The Atoni are a large and distinct ethnic population of more than 750,000 people, who inhabit more than two-thirds of West Timor. They refer to themselves as the ‘people of the dry land’ (atoni pah meto). Land (pah) is primary in their definition of themselves and in a great number of Atoni titles: Atau-pah, Ana’-pah, Afen-pah, Abain-pah. Like the Rotinese, they have a long history of European contact. They have been subject to longer and more intensive contact than the Rotinese with both the Portuguese and the Dutch. Their political formations date back to a period well before the coming of the Europeans (Fox 1988) and although there are similar patterns of political structure among the Atoni states or domains, differences among these states are greater than among Rotinese domains. For the purpose of this paper, I draw comparisons between Termanu, the largest domain on Roti and Amanuban, the domain that became the dominant Atoni state in West Timor for a significant period during the 18th and the 19th centuries.
One of the chief differences between the Rotinese and the Atoni is in the structures of their origin groups. Atoni origin groups are known as kanaf. Each kanaf designates a named clan group, all members of which bear the same name. Members of a kanaf claim the same origin and are said to derive from the same source, whose site is (or is regarded as) a physical location. A kanaf is predominantly exogamous in that most members marry with members of other kanaf but it is possible for ‘female’ lines to form within local settlements and for ‘male’ lines of the same kanaf within these settlements to marry with these ‘female’ lines (Fox 1999).
‘Houses’ (ume, uem) are important social units but, as on Roti, there are no houses that represent an entire kanaf. Houses represent members of a kanaf at the level of the local settlement. Settlements (kuan > Tetun, knua > PAN/PMP *banua) are significant not as ordered space but as a local ordering of precedence among particular kanaf.
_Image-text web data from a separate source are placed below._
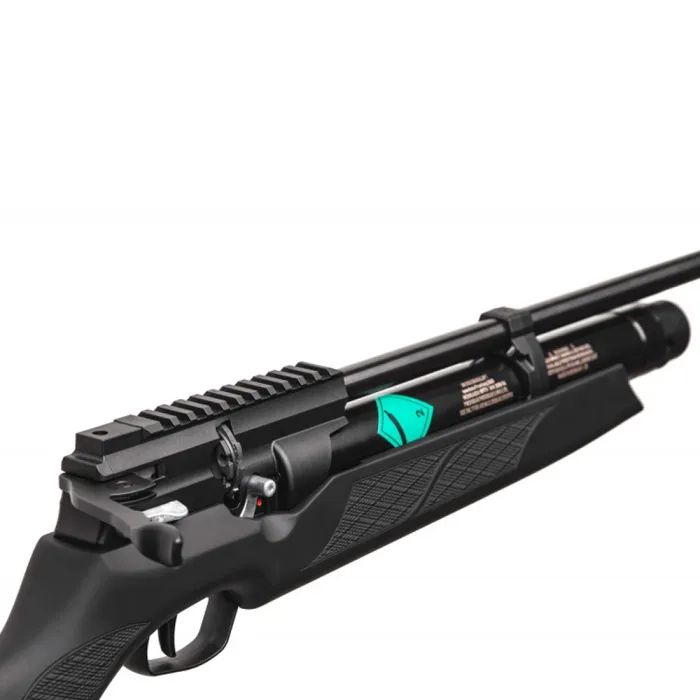 Пневматична гвинтівка Weihrauch РСР редукторна HW 110 S Black (20.110S20-01) зображення 4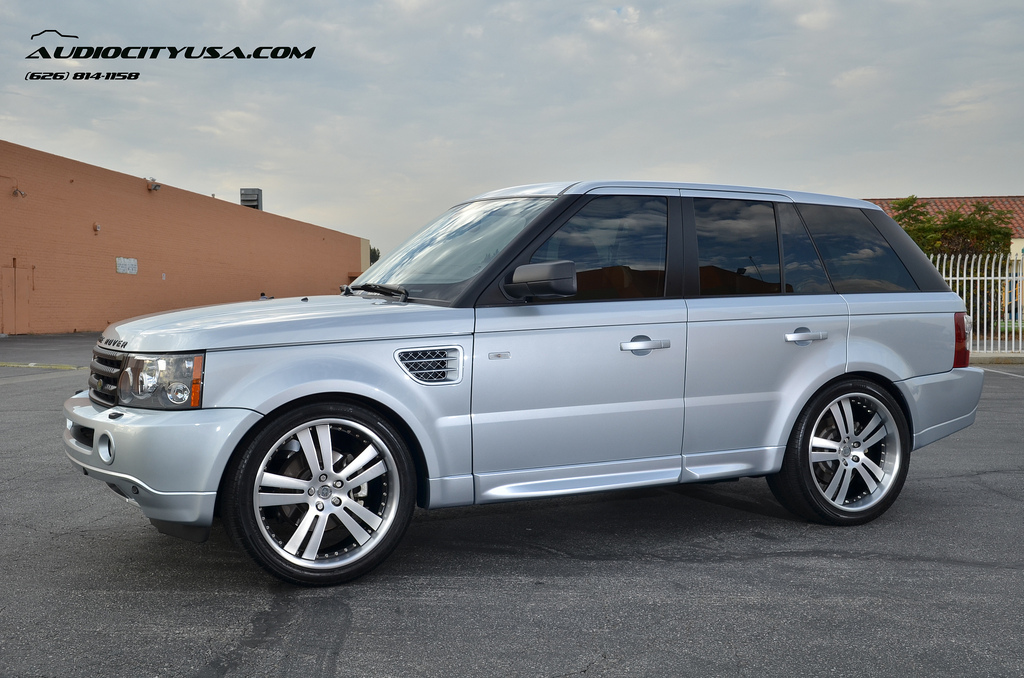 photo 6 Land Rover Range Rover custom wheels HRE 947 R 22x10.0, ET , tire size 305/35 R22. x ET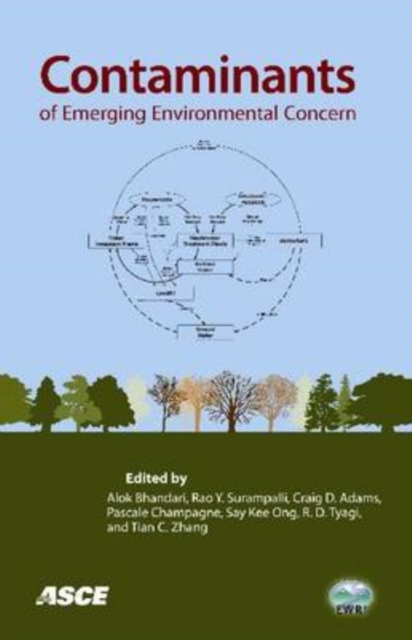 Contaminants of Emerging Environmental Concern, Paperback / softback Book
A recurrent theme in Atoni narratives is the need for land: Pahat maklen leuf, nifu maklen leuf: ‘Land too limited, water too limited.’ This quest for land has scattered members of the different kanaf throughout West Timor. The expansion of kanaf, as related from the perspective of any one kanaf, is described as a journey of a single being or a single name. These narratives, recounted in ritual language, describe the significant encounters of the kanaf in its passage through the Timorese landscape.
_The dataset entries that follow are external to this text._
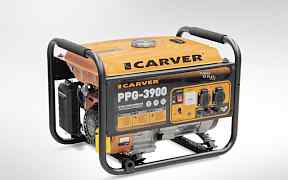 Генератор бензиновый Carver Ppg 3900 3.2 кВт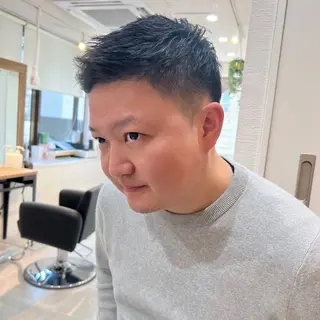 メンズ hair salon  N所属・透明感カラー/艶髪 🌷ちばなお🌷のヘアスタイル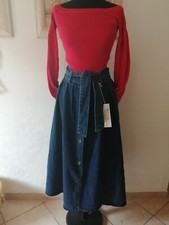 Bellissima Gonna Ampia Denim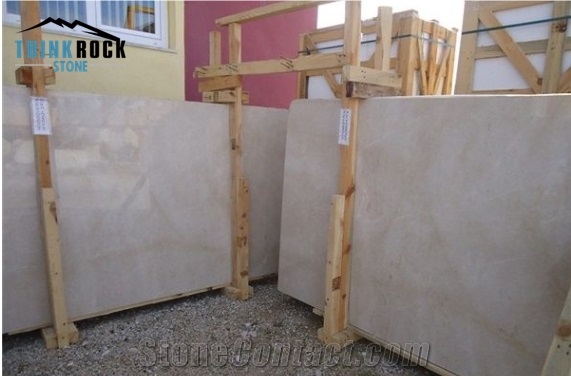 Camellia Perla Marble Slabs, Turkey Beige Marble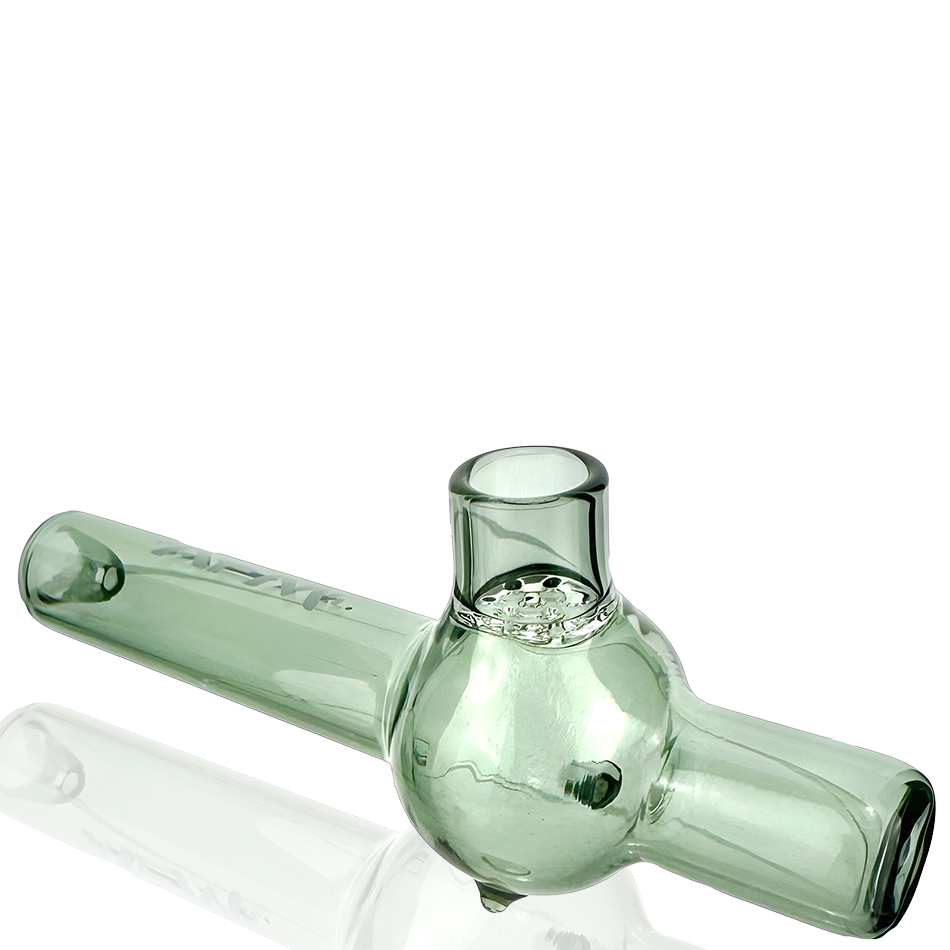 4.5" AFM Poppy Borosilicate Glass Screen Hand Pipe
States among the Atoni are seen as a coming together of a cluster of kanaf as a single domain. The recurrent formula for this clustering is always that of a group of four lords (usif), four ‘fathers’, each representing a separate kanaf, subject to and thus supporting a single lord (usif) of a ruling kanaf. The pattern is recursive. The domain can be built up of circles of four clans. Any lesser lord can also order groups around him in a cluster of four.
The demographic strength of a kanaf and its authority as a ruling kanaf may be confined to a single domain; yet members of most kanaf are not confined to a single domain but can be found in many domains. Thus, unlike Roti, kanaf identity transcends the boundaries of any domain or state.
Any domain is an ‘ordering’ of the land. Thus, for example, the great ruler of Amanuban was known by the personal title Ta mes pah: ‘We Unify the Land’ (see Schulte Nordholt 1971: 310), or Ek pah: ‘To Enclose the Land’ (McWilliam 1989: 39).
Among the Atoni, anyone who claims local authority can be called a pah tuaf, ‘lord of the land’. The title has many of the connotations of that of dae langak on Roti. For example, a pah tuaf generally has the right to claim harvest tribute.